Time to Doing The Griddy: 24 Minutes

We kick things off with one of our few 3DO Puzzle games, and it's a unique one. The random legacy of this title is more interesting as trivia than anything else, so we'll save that for the end and get straight to my attempt at describing it.

So, for convoluted and inconsequential reasons, you play as a guy who has to navigate through an extremely hazardous and fully automatic factory in the far-flung future of 2049. This factory seems to employ and/or make a variety of cubes which perpetually move around on large, featureless grids with no discernable purpose. These grids comprise the 30 or so levels, with the goal of each one being to collect some number of thingies without getting crushed under a moving cube. Most levels will have those needed collectibles inside certain cubes, and those cubes will need to be obstructed before they drop them. There are moveable boxes, and some cubes don't run you over, so hopefully you can see where the puzzling comes into play. That's a workable premise for a game, a self-moving Sokoban that wants to kill you. The problem is that it doesn't work that well in practice.
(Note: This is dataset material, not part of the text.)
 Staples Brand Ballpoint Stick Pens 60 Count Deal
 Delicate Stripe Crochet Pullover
You also have a robot dog for some reason
You also have a robot dog for some reason

There are two primary issues which combine to ruin the experience. First, your guy moves painfully slow, and the controls just don't feel good or responsive, which is a real accomplishment considering how few inputs this game requires. That combines with the titular grids being absolutely enormous, which creates an experience that feels like a sluggish Frogger. Second, there are only two camera views, up-close isometric and zoomed-out isometric. Considering the size of the grid and speed of the moving cubes, that counts as the bare minimum to make this anywhere near playable. Cubes come and go from all four sides and don't always go in straight lines, which creates frequent situations where your view gets obstructed or it's visually unclear which exact space a cube is going to go. When these issues combine it turns the whole exercise into an irritating slog.
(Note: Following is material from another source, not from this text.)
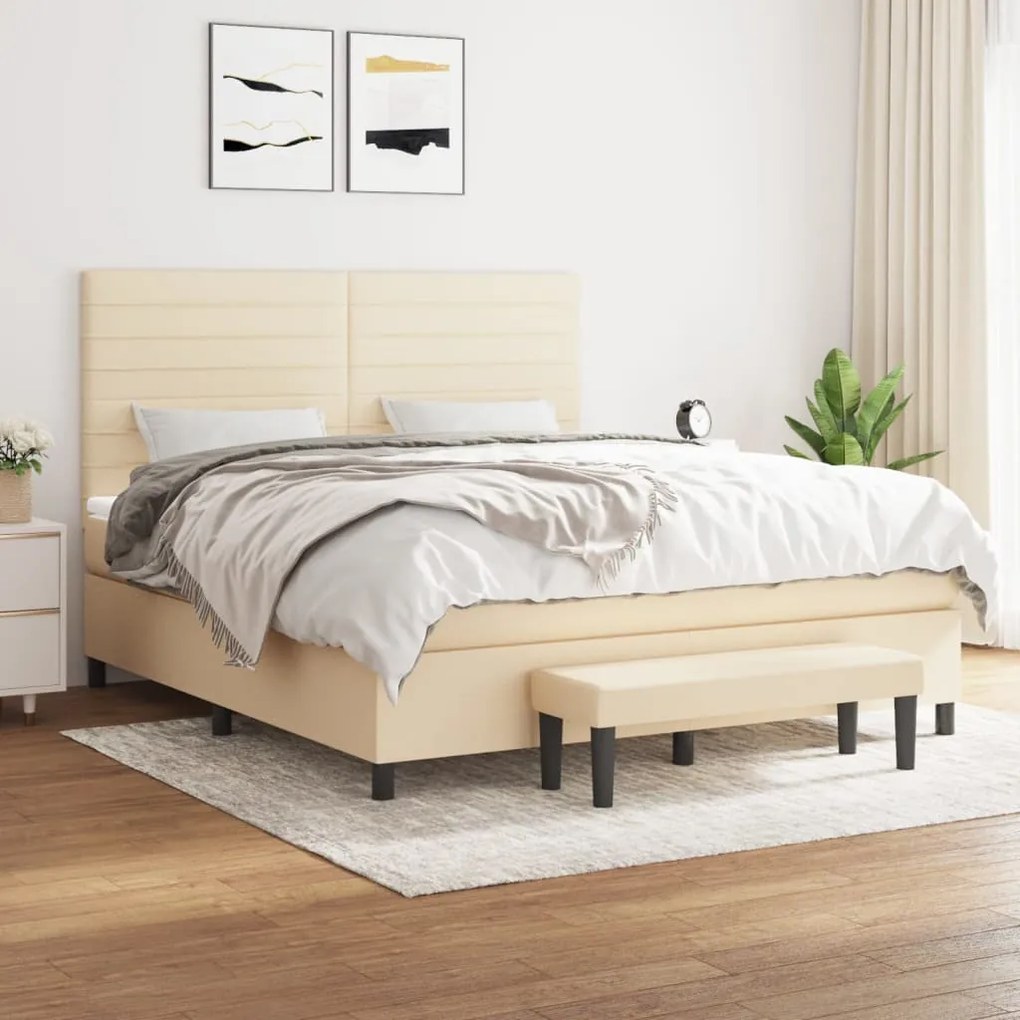 Giroletto A Molle Con Materasso Crema 160x200 Cm İn Tessuto /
That's a shame, since this is, again, a fundamentally sound concept. A vision pops into my head of a game using this basic premise, except the levels are a quarter the size, there's more of them, you can rotate the camera, and it's in a Nintendo DS-era chibi artstyle. Adding in fully grid-based movement and a top-down minimap turns that vision into something that would a legitimate cult classic barring any issues in puzzle design. Someone has to have made that, right? Anyway, I'll chalk this up as an interesting failure, which isn't too bad considering how small-time Tetragon was as a studio. It's hard to find details, but I think this was their first game, and we're going to see them a couple more times before it's all said and done. Now here’s the trivia: while Tetragon would only last a handful of years, its founder, Mark Skaggs, would go on to produce a couple Command & Conquer games at EA before moving over to Zynga and leading the team that created Farmville of all things. This was the Farmville guy’s first game. The universe is a weird place like that sometimes.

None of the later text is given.